At the time we lived above the carpet shop about 50 yards further along Abbeydale Road towards town, so we were able to actually carry our gear there – no need for a van. And how cool we would have looked lugging it all along the main road.
The Botanical Gardens has always been there in times of hope and not so much hope – an oasis of calm, or just somewhere to go and think or read a book, or to watch what remains of the seasonal cycle working itself out while being pestered by squirrels.
I discovered Endcliffe Park while living at yet another band house, on Hunter House Road near Hunters Bar. The walk up to the pond area, and beyond to Whitely Woods, is lovely and, as has been noted here before, the cafe does a wicked chip butty.

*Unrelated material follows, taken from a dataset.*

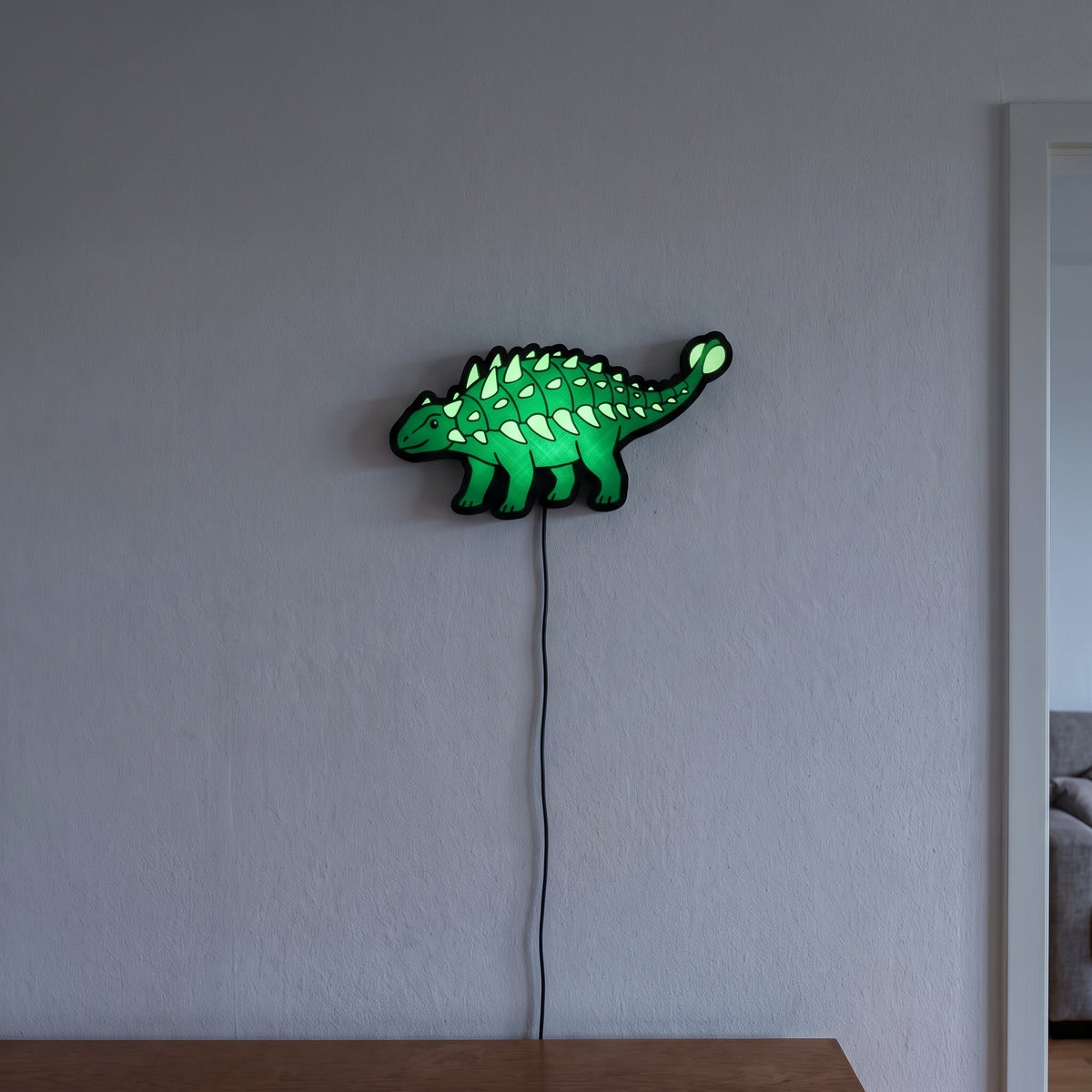 Ankylosaurus Lampe, an der Wand leuchtend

A new favourite is Bolehills above the Rivelin Valley with its spectacular views out over Stannington in one direction and almost across to the moors in the other.
The weather can change quite quickly, though. Once, we got back home from a walk up there with dry fronts and completely wet backs, due to sudden and somewhat over-bracing sleetstorm equalling subsequent hasty retreat. No chip butties either.

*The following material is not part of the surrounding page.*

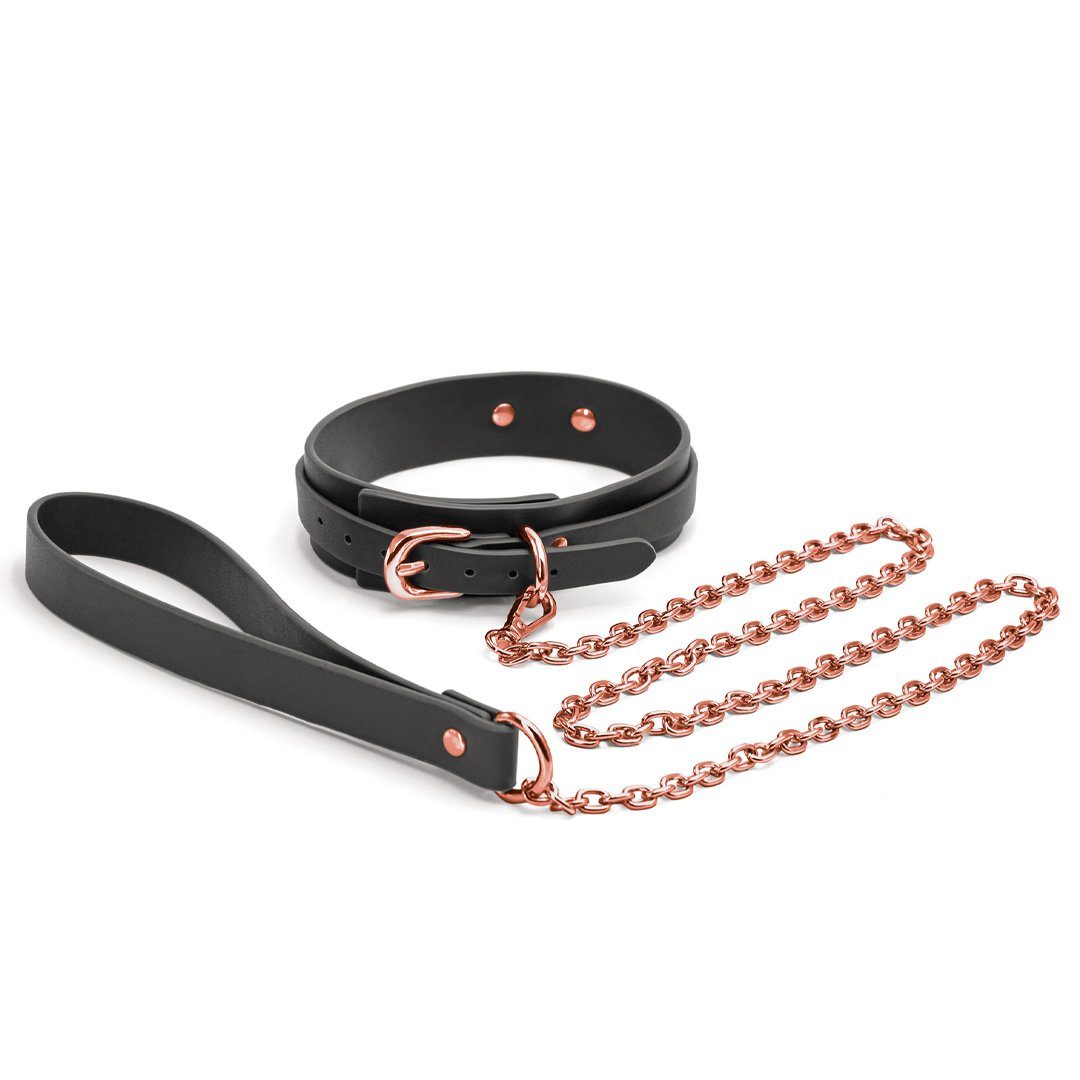 NS Novelties Erotik-Halsband Halsband mit Leine - schwarz, roségold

While my wife seems to plot her way round town by supermarkets and department stores, I have tended to do it by music and guitar shops, but nowadays I have fewer landmarks.
So – to those that remain, defying the online onslaught and the pure pursuit of profit: Record Collector, Rare & Racy, Wavelength and all music-related retailers – 'may your credit remain uncrunched'.
I can't see how they can digitise charity shops, though. Broomhill has my favourites – Help The Aged (Anthony Burgess Shakespeare biog 2!) and Oxfam, of course.
I do like going upstairs at the new Cream cafe on the corner opposite the Fox and Duck, it's oddly pleasant to see an area you've known for years from a new perspective – and the carrot cake is top.